As I’ve mentioned, smokers have a very distinctive DNA methylation pattern, and the problem we have is that this pattern remains even after a person has quit smoking, potentially for many years. If we recruit vapers who have used vaping to quit smoking, we might just see the ‘smoking’ methylation pattern in vapers, because it’s still there after they’ve quit.
This is why we’re trying to recruit people who’ve smoked very few cigarettes (less than 100) in their lifetime, to hopefully minimise this problem. The problem is, as you might predict, the vast majority of people who use e-cigs do so to quit smoking, so we’re struggling a bit.
The challenges Dr. Gage and the research team are facing ultimately come down to the fact that most vapers have already smoked, contrary to some of the claims that e-cigarettes are “recruiting a new generation of nicotine addicts.” But without vapers that haven’t smoked, the results will be really hard to interpret.

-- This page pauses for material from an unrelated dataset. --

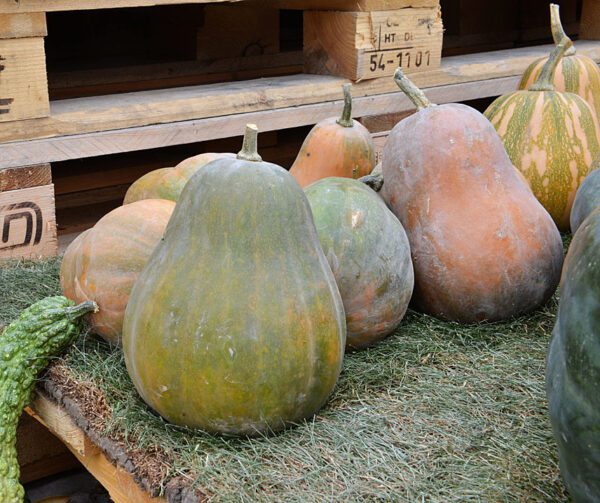 Cucurbita moschata Sweet Berry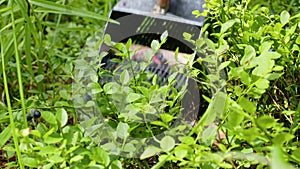 Male hand picking blueberries with berry scoop tool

If you meet the criteria for the study and want to participate, you’d not only be helping the researchers, you’d likely be part of a piece of research that emphasises the benefits of vaping over smoking overall. So for anybody reading who vapes but has smoked less than 100 cigarettes in your life, we asked Dr. Gage what participants need to do:
The study is really simple – we ask people to fill out a 5-10 minute online questionnaire about their smoking and vaping habits. Then we will post them out a kit to collect their saliva so we can link their vaping or smoking behaviour with their DNA methylation profile. We’ll even send a pre-paid envelope for them to return the kit to us without any cost to themselves.

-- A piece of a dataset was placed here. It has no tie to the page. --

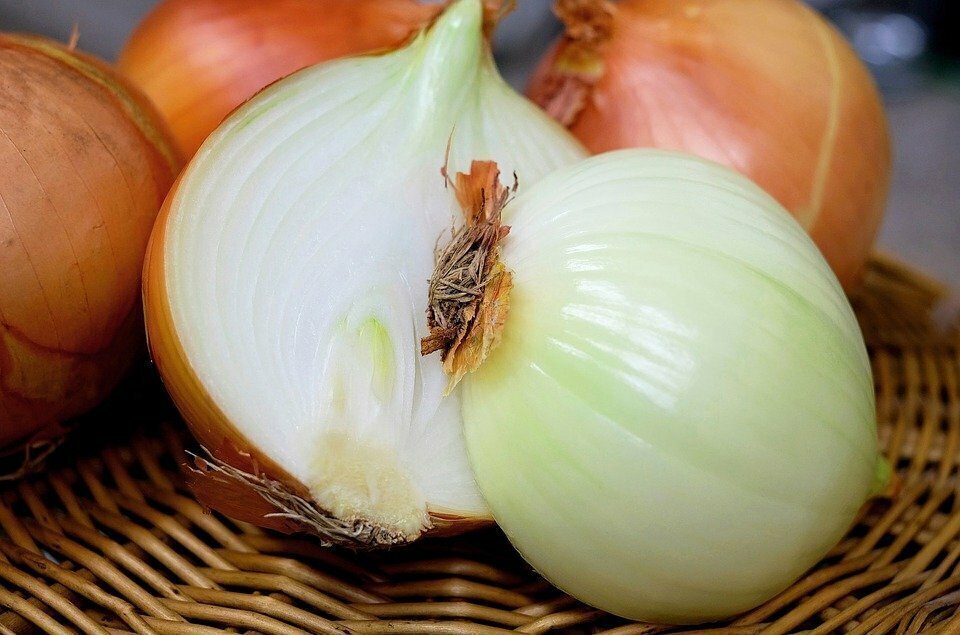 Cebolla Blanca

If you need any more encouragement, you’ll also be entered into a prize draw with the chance to win £100, £50 or £20 if you take a few minutes to fill out the questionnaire and give a sample of your saliva. So there’s a chance you’ll get £100 for five minutes of your time and a bit of spit!
Dr. Gage says they’re hoping to have the results collected in the next few months, so if you’re eligible, don’t hesitate to get involved! It’s a fantastic opportunity to contribute to our understanding of vaping and support high-quality research that looks at vaping with the crucial comparison to smoking in mind. If the researchers find what they’re expecting, it will be a clear demonstration of the benefits of switching to vaping for smokers.
We’d like to say a big thank you to Suzi for answering our questions and telling us more about her upcoming research!